シンガポールの大手銀行のOCBCを騙ったフィッシングがシンガポール国内で深刻な被害をもたらしており、話題になっている。

手口としては、銀行のユーザーにフィッシング・リンク付きのSMSを送り、偽のOCBCのWebサイトに誘導してパスワード等を窃取するというものだが、特筆すべき点として攻撃者の送信した悪意のあるSMSが、銀行から送られた正規のSMSと同一のスレッド内に表示されたということが挙げられる。

一体どうしてそんなことが可能だったのか気になり、調べてみた。

SMSにはAlphanumeric Sender IDというフィールドがあり、このフィールドに任意の名前を指定してSMSを送信すると、送信元として電話番号の代わりにAlphanumeric Sender IDで指定した名前が表示される。

OCBCのフィッシングの場合、攻撃者はAlphanumeric Sender IDに"OCBC"と指定してユーザーにSMSを送信した。

この細工により、もしユーザーが過去にOCBCとSMSでやり取りしていた場合、攻撃者の送信したSMSが、その正規のスレッドに表示されてしまうらしい。(通常、SMSはSMS Aggregatorという仲介業者を介して送信されるが、送信者の認証とかはしていないっぽい?)

Alphanumeric Sender IDは採用している国としていない国があり、シンガポールは採用していた
おまけに2022年1月時点で、事前の登録無しで任意のAlphanumeric Sender IDを使用できる。つまり、やろうと思えば誰でもOCBCや他の組織を騙ってSMSを送信できる状態。

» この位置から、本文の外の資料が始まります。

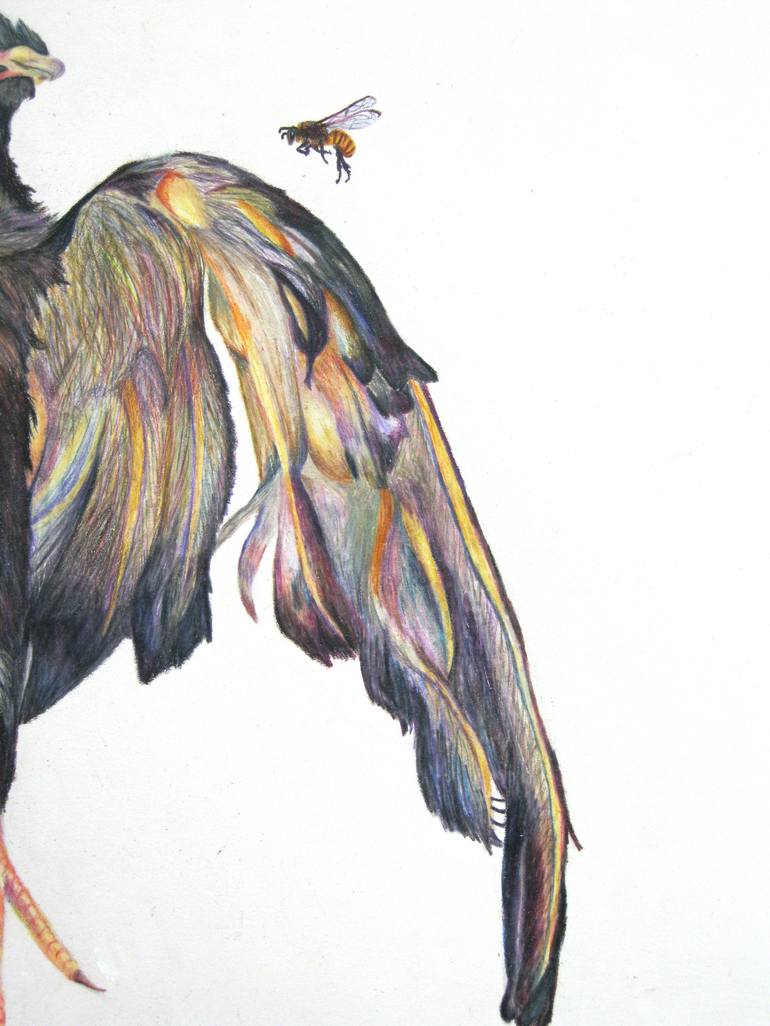 Original Animal Drawing by Hannah Ward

2021年の8月からInfocomm Media Development Authority (IMDA)がSMSのSender IDを保護するSingapore SMS SenderID protection registryという取り組みを始めた。企業や組織は自身が使用しているSender IDをこの保護サービスに登録することにより、第三者による悪用を防ぐことが出来る。(OCBCが保護サービスに加入していたかは不明。)

ちなみに日本も登録無しでAlphanumeric Sender IDを使用できる

日本では公的なやり取りにSMSを用いることは稀だと思うが、シンガポールではかなり一般的である。自分の使用しているDBS銀行も重要な通知をSMSでユーザーに飛ばしている。

自分にとっても他人事ではないので、注意していきたい。